In our dataset, compared to PPARG-negative cases, PPARG-positive cases were more likely to be diagnosed in 1995 or after. This might have been due to poor antigenicity of PPARG in older specimens. However, when we examined the strata of “year of diagnosis” and a potential interaction between PPARG and “year of diagnosis”, “year of diagnosis” did not significantly alter the relation between PPARG and patient survival (p for interaction = 0.80; see ). This suggests that misdiagnosis due to poor antigenicity, if any, did not substantially alter survival analysis results. Moreover, in our multivariate Cox regression analysis, we adjusted hazard ratio (HR) for clinical and tumoral characteristics, including year of diagnosis. Thus, any potential confounding effect of year of diagnosis on patient survival was controlled in our multivariate analysis model.

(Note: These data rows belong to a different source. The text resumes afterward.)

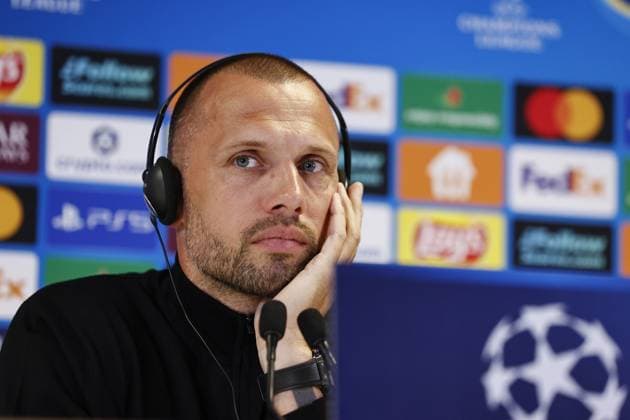 MARSEILLE - Ajax coach John Heitinga during the MD-1 press conference, PK, Pressekonferenz at the Stade Velodrome prior to the UEFA Champions League match against Olympique Marseille, on September 29, 2025, in Marseille, France. ANP MAURICE VAN STEEN xVIxANPxSportx xxANPxIVx 537866363 originalFilename: 537866363.jpg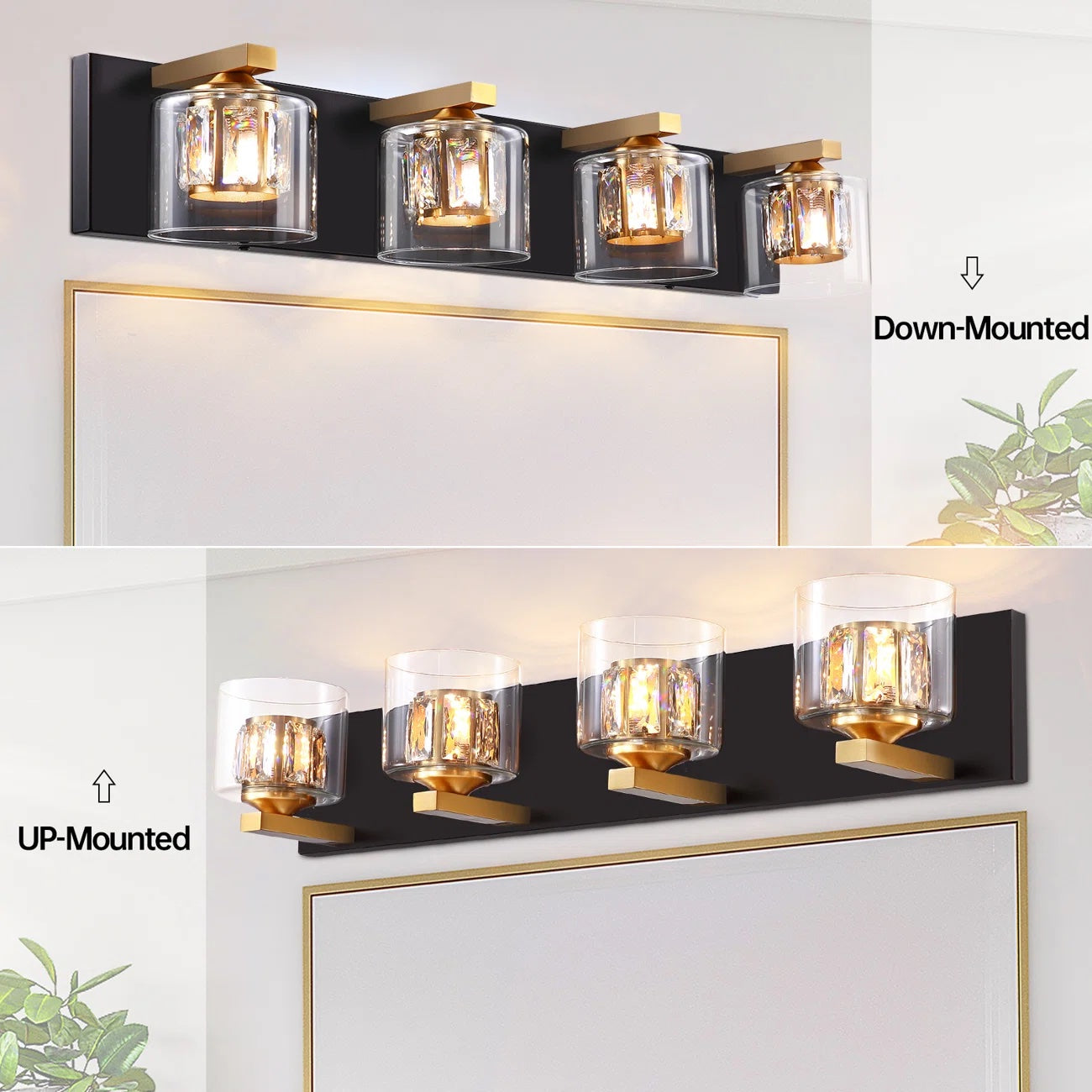 Kolt Black & Gold Traditional 4-Light Bathroom Vanity Light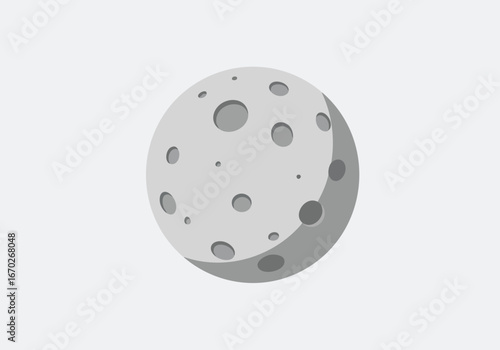 Simple Moon Illustration Flat Icon Design for Space Astronomy and Lunar Projects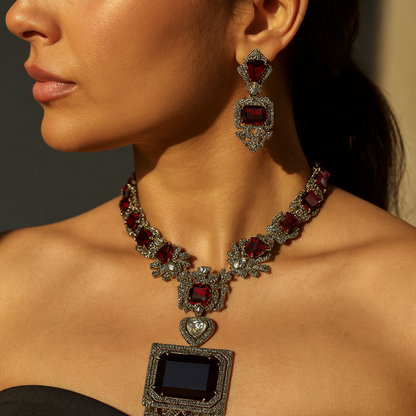 Aanura Grand Emerald Green Square Pendant Necklace Set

In our cohorts, data on cancer treatment were limited. Nonetheless, it is unlikely that chemotherapy use differed according to tumoral PPARG status, since such data were not available to patients or treating physicians. In addition, beyond cause of mortality, data on cancer recurrences were not available in these cohorts. Nonetheless, given the median survival for metastatic colon cancer was approximately 10 to 12 months during much of the time period of this study,50
colon cancer-specific survival should be a reasonable surrogate for cancer-specific outcomes.
In summary, our large cohort study suggests that PPARG expression is independently associated with good prognosis in colorectal cancer. Our findings may have considerable clinical implications, given that PPARG has been used as a drug target. Future studies are needed to confirm this association as well as to elucidate exact mechanisms by which PPARG affects tumor behavior.